As such counsel, we have examined originals or copies (certified or otherwise identified to our satisfaction) of the following documents:

(i)
the Registration Statement and the prospectus included therein (the “Prospectus”);

(ii)
the amended and restated Certificate of Designation of the Series B Preferred Shares, dated January 12, 2022;

(iii)
the Certificate of Designation of the Series C Preferred Shares, dated October 17, 2022;

(iv)
the Company’s amended and restated articles of incorporation, as amended, and amended and restated bylaws; and


Page 2


(v)
such other papers, documents, agreements, certificates of public officials and certificates of representatives of the Company, as we have deemed relevant and necessary as the basis for the opinions hereafter expressed.
 
In such examination, we have assumed (a) the legal competence or capacity of persons or entities (other than the Company) to complete the execution of documents, (b) the genuineness of all signatures and the authenticity of all documents submitted to us as originals, (c) the conformity to original documents of all documents submitted to us as conformed or photostatic copies, (d) that the documents reviewed by us in connection with the rendering of the opinions set forth herein are true, correct and complete, and (e) the truthfulness of each statement as to all factual matters contained in any document or certificate encompassed within the due diligence review undertaken by us. As to matters of fact material to this opinion that have not been independently established, we have relied upon the representations and certificates of officers or representatives of the Company and of public officials, in each case as we have deemed relevant and appropriate. We have not independently verified the facts so relied on.
 
This opinion letter is limited to Marshall Islands law and is as of the date hereof. We expressly disclaim any responsibility to advise of any development or circumstance of any kind, including any change of law or fact that may occur after the date of this opinion letter that might affect the opinion expressed herein.
 
Based on the foregoing and having regard to legal considerations which we deem relevant, we are of the opinion that:
 
1.
The Series C Preferred Shares have been duly authorized by the Company.

2.
The Series C Preferred Shares, when issued, sold and paid for upon conversion of the Series B Preferred Shares in accordance with the terms of the Series B Preferred Shares, will be validly issued, fully paid, and nonassessable.
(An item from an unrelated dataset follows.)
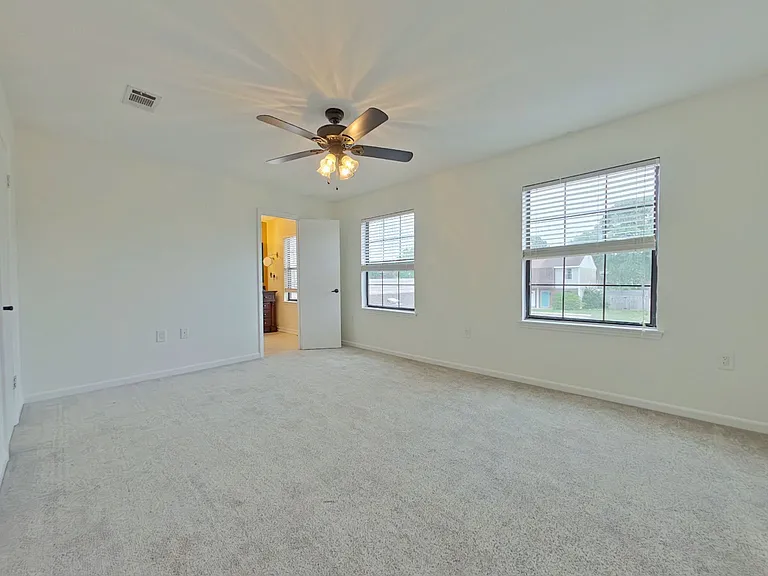 14-web-or-mls-9 Bedroom 2-10_05122026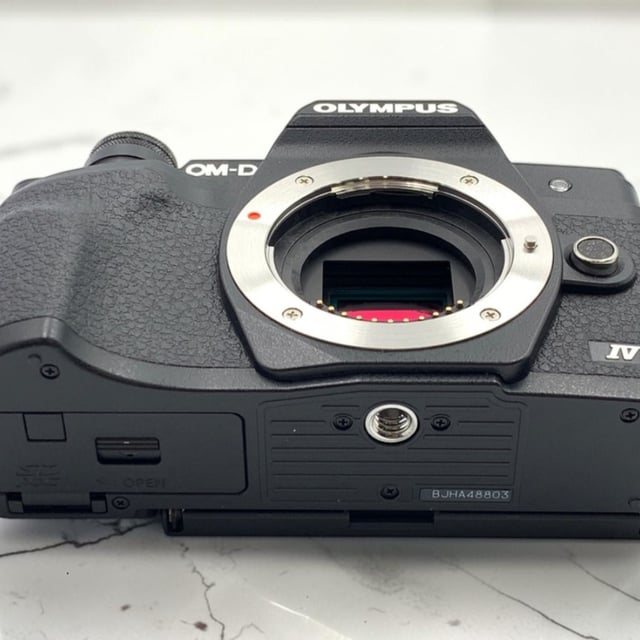 OM-D E-M10 Mark IV ボディ "ブラック"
We consent to the filing of this opinion as an exhibit to the Registration Statement, the discussion of this opinion in the Registration Statement, and the references to our firm in the Prospectus. In giving this consent, we do not hereby admit that we are in the category of persons whose consent is required under Section 7 of the Securities Act, nor do we admit that we are experts with respect to any part of the Registration Statement within the meaning of the term “expert” as used in the Securities Act.